Activation of the third eye

Just like the Traditional Chinese Medicine, ayurveda too makes a solid case for the benefits of waking up early. And the benefit? Spiritual awakening by activation of our third eye.  

Interestingly, it is this pineal gland which is often referred to as the third eye because of its photoreceptive properties and its placement between the two eyes. Microbiologist Dr Urvashi Singh and psychologist Dr Garima Yadav, in their book Paradigms of New Age Psychology, compile their research on the subject. They find that activities such as chanting or deep breathing or sun salutations further stimulate the pineal gland which is the storehouse of antioxidant-loaded-happiness-hormones–melatonin and serotonin.

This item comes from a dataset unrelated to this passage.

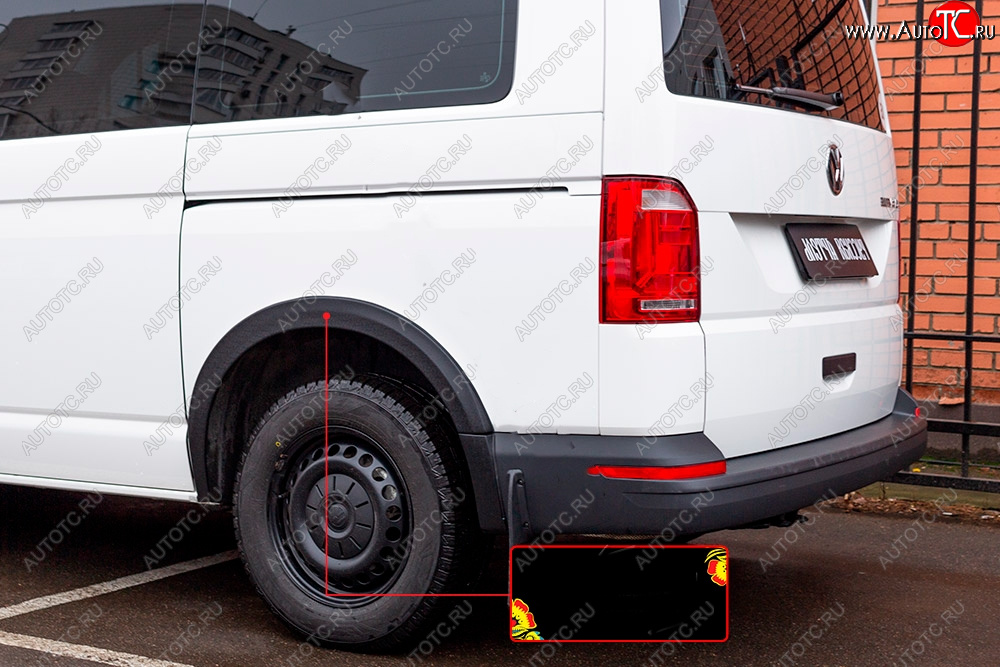 2 219 р. Накладка колесной арки RA (задняя левая)  Volkswagen Transporter  T6 (2015-2019) дорестайлинг (Поверхность шагрень)  с доставкой в г. Кемерово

Opening the third eye is a spiritual process and the hour between 3 am and 4 am are highly conducive to attempt it. This pre-dawn phase is referred to as Brahmamuhurta, says ayurvedic physician Dr Manikantan Menon. During this time, the sattva and rajas guna are predominant in the cosmos and vata dosha is dominant in man. This is a perfect combination because sattva (characterised by positivity, equanimity, serenity and balance) is believed to be conducive for spiritual practices such as chanting and meditation, which activate the pineal gland–the third eye.

And there it is. The three reasons–packed with life-changing benefits–which convinced me to rise early. Much to my grandfather’s surprise, I have finally shrugged off my laziness and turned over a new leaf. And in all honesty, I am already witnessing remarkable changes in my overall wellbeing.